Can a single qutrit in superposition be considered entangled?

2

Often in quantum computing the idea of quantum superposition is introduced well before the concept of entanglement. I suspect this may be because our conception of (classical) computing privileges bits, and hence we also privilege qubits in a Hilbert space of dimension $d=2$. It's easy enough to consider a single qubit in superposition, but transitioning to entanglement requires a plurality of such particles.

Or does it?

For example, suppose we lived in a world that privileged qudits, with $d=4$; e.g. four-level quantum systems as opposed to two-level qubits. We can think of our system (say, a particle-in-a-box or a harmonic-oscillator or what-have-you); our qudit could be in any superposition of $\{\vert 0\rangle,\vert 1\rangle,\vert 2\rangle,\vert 3\rangle\}$.

We can think of a particle in a superposition of $\vert \Psi\rangle=\frac{1}{\sqrt{2}}\vert 0\rangle\pm\vert 3\rangle$, or $\vert\Phi\rangle=\frac{1}{\sqrt{2}}\vert 1\rangle\pm\vert 2\rangle$.

Now if we envision our (single) qudit instead as two virtual qubits, with a mapping/isomorphism such as:

$$\vert 0\rangle_{qudit}=\vert 00\rangle_{qubit}$$ $$\vert 1\rangle_{qudit}=\vert 01\rangle_{qubit}$$ $$\vert 2\rangle_{qudit}=\vert 10\rangle_{qubit}$$ $$\vert 3\rangle_{qudit}=\vert 11\rangle_{qubit},$$

then we can see that both $\vert \Psi\rangle$ and $\vert \Phi\rangle$ are the Bell states, e.g. are entangled.

This works nicely for $d=4$ or any other power of $2$. But would it work for any other dimension, such as $d=3$?

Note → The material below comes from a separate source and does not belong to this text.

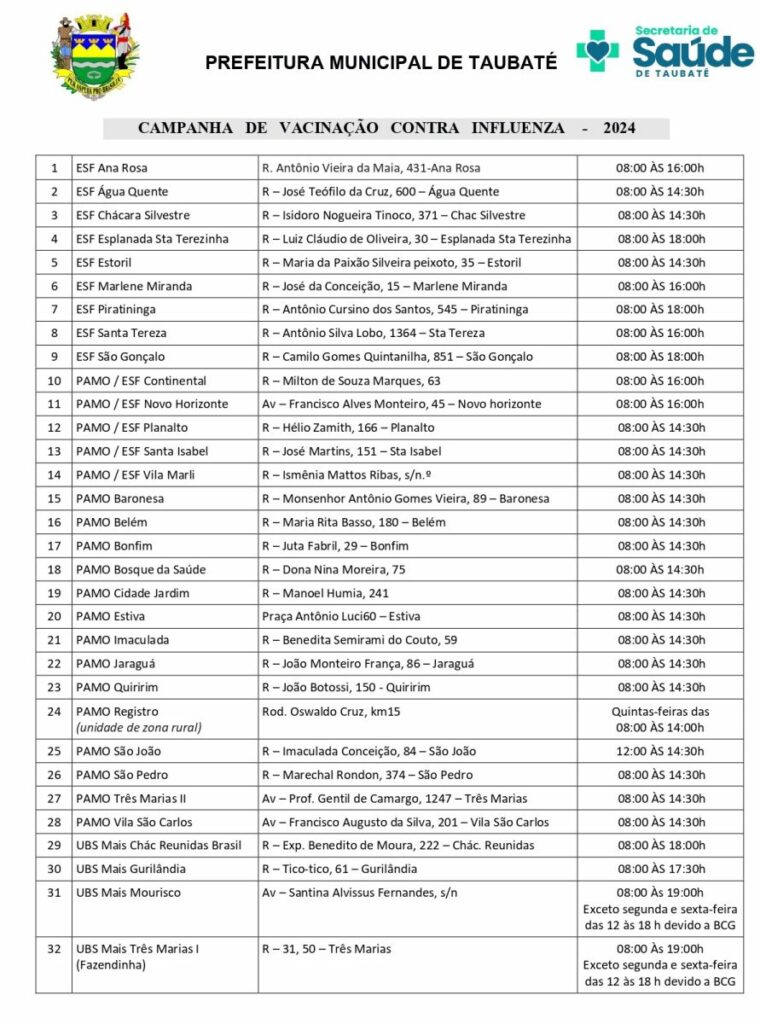 locais vacina gripe taubaté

Can we decompose a qutrit that is in superposition into smaller components, and ask whether the qutrit thusly is in some sense entangled?

Mark S

Posted 2020-10-07T21:47:47.023

Reputation: 4 273

Answers

5

To talk about entanglement, you have to first identify subsystems. In your $d=4$ example, you defined an isomorphism $\mathbb{C}^4\simeq \mathbb{C}^2\otimes\mathbb{C}^2$ via the identification of basis states. Whether this is meaningful, depends on the context/the physical scenario you have in mind. But it definitely can be.

For $d=3$, this is never possible. Why? Because you have to single out subsystems i.e. you have to define a tensor product structure. But necessarily, if your Hilbert space is $\mathcal H \simeq \mathcal H_1 \otimes \mathcal H_2$, then $\dim\mathcal H = \dim \mathcal H_1 \times \dim\mathcal H_2$. So if $\mathcal H$ has prime dimension, it cannot be factored (non-trivially). The trivial factorisation is of course always possible, this is $\mathcal H \simeq \mathcal H \otimes \mathbb C$. But you can easily see that in this case, no entanglement is possible.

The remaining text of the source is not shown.